Lellouche à l’œuvre : un champ d’expérimentation cinématographique
Avec L’Amour ouf, Gilles Lellouche s’aventure dans une véritable expérimentation cinématographique, où chaque séquence est l’occasion de repousser les limites de la réalisation classique. L’ambition du film est palpable dans la gestion des champs-contrechamps qui brisent les conventions habituelles. Un des moments les plus marquants est sans doute une scène de braquage intense, où l’utilisation des containers comme espace narratif apporte une touche de créativité inattendue. Toutefois, cette audace s’accompagne parfois de maladresses. Je pense notamment aux relations sexuelles tournées que j’ai trouvé gênantes de par leur cadrage et le changement incessant de point de vue. Lellouche multiplie les idées de mise en scène curieuses, voire saugrenues : une caméra qui virevolte au lieu d’adopter le champ-contrechamp habituel, un plan filmé à l’envers dans une chambre d’enfant dès les premières minutes du film. Si ces choix audacieux apportent parfois une fraîcheur visuelle, ils peuvent aussi devenir envahissants. Trop de jeux de caméra finissent par déconcentrer le spectateur, rendant certaines séquences un peu « too much » et brouillant la fluidité du récit.

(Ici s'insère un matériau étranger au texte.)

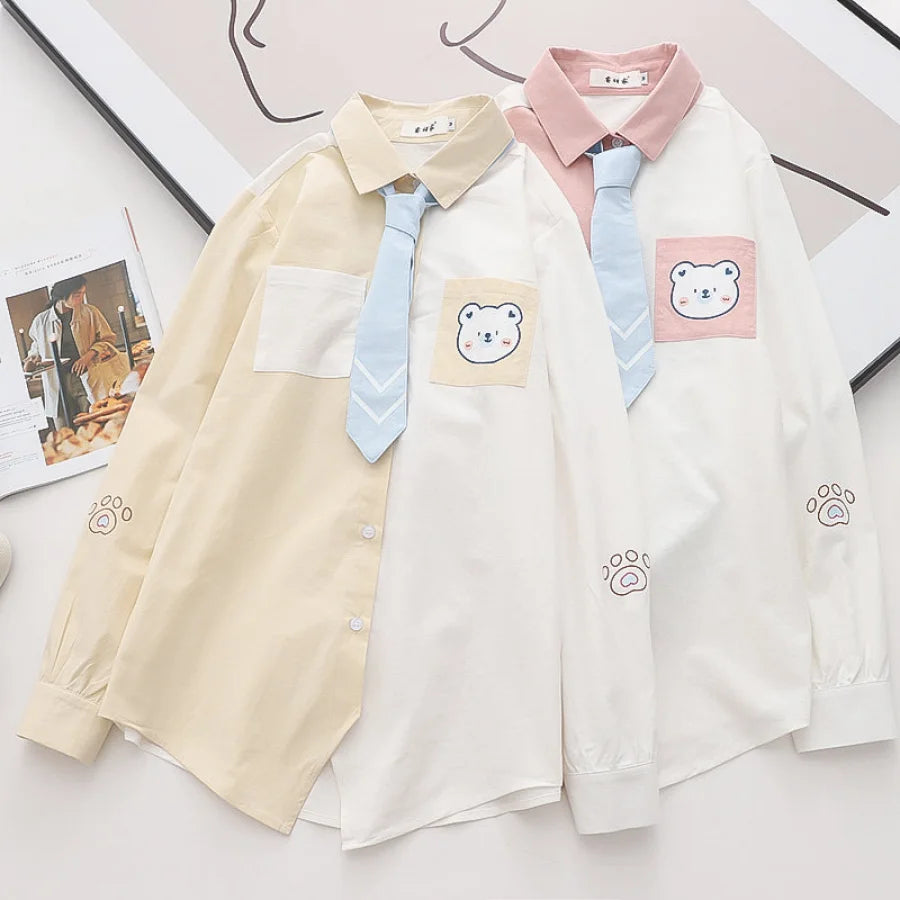 Soft Girl Cute Color Matching Long Sleeve Shirt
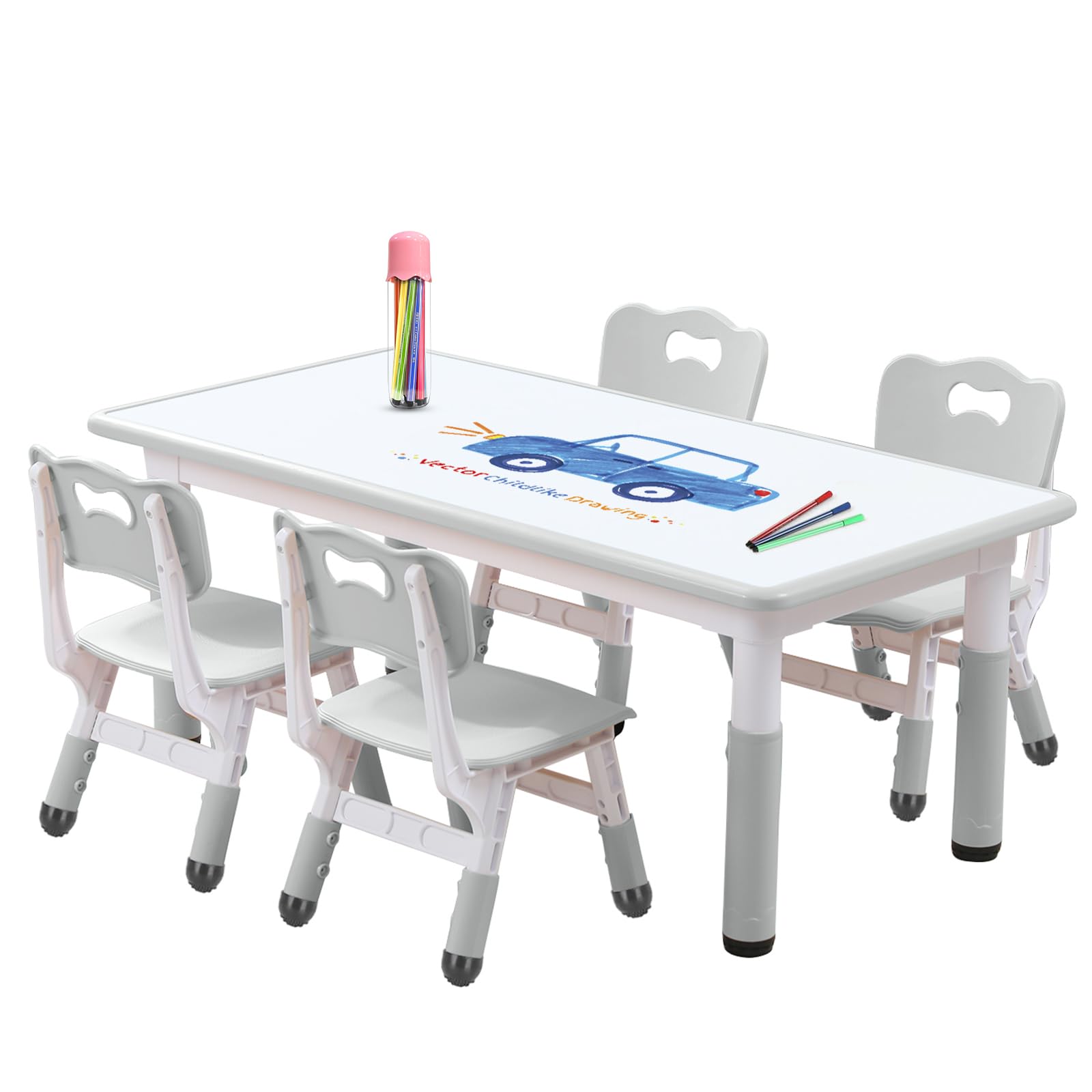 JIAOQIU Kids Table and Chair Set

Une intensité en surrégime
L’Amour ouf est un film qui touche à une large gamme d’émotions tout en abordant des questions sociétales malheureusement toujours d’actualité. Malgré un scénario assez classique, on sent la volonté de Lellouche de retranscrire des sentiments subtils à travers des mises en scène symboliques et novatrices. Cet effort est louable, et les émotions sont bien présentes. Cependant, en poussant parfois l’intensité à son paroxysme, le film tombe dans la surenchère, affaiblissant par moments l’impact émotionnel qu’il cherche à créer. Cette quête d’expérimentation visuelle et narrative, bien que risquée, parvient tout de même à nous livrer un récit poignant et sincère, même si son ambition excessive peut parfois perdre le spectateur en chemin. Ce film aura également permis de révéler le jeune talent de Malik Frikah que j’ai trouvé excellent dans le rôle de Clotaire.